▸ **MATERIAL SUPPLIED**:

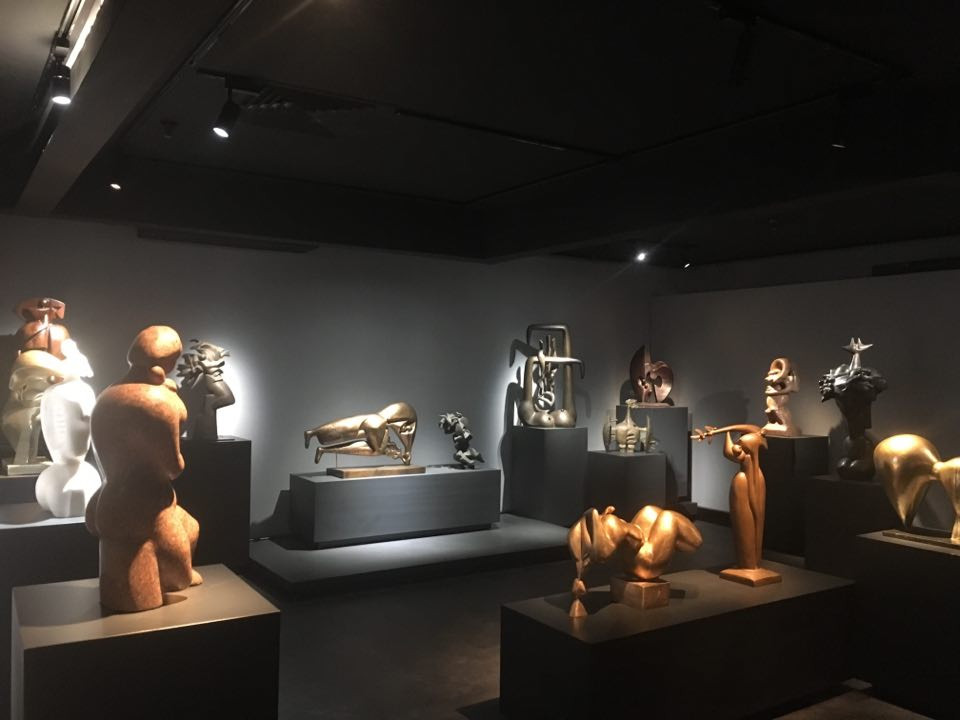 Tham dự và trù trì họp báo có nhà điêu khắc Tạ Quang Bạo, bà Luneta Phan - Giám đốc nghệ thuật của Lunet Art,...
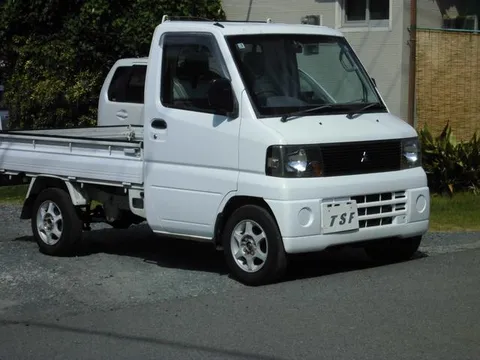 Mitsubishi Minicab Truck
* * *
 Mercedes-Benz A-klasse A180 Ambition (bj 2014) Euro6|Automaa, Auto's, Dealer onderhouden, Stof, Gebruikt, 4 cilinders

▸ **YOUR INSTRUCTIONS**:
Repeat exactly the lines above, from the line that contains "Tham dự và trù" down through the line that contains "Mitsubishi Minicab Truck". Include both of those lines and none of the pictures.

▸ **FINISHED EXERCISE**:
 Tham dự và trù trì họp báo có nhà điêu khắc Tạ Quang Bạo, bà Luneta Phan - Giám đốc nghệ thuật của Lunet Art,...
 Mitsubishi Minicab Truck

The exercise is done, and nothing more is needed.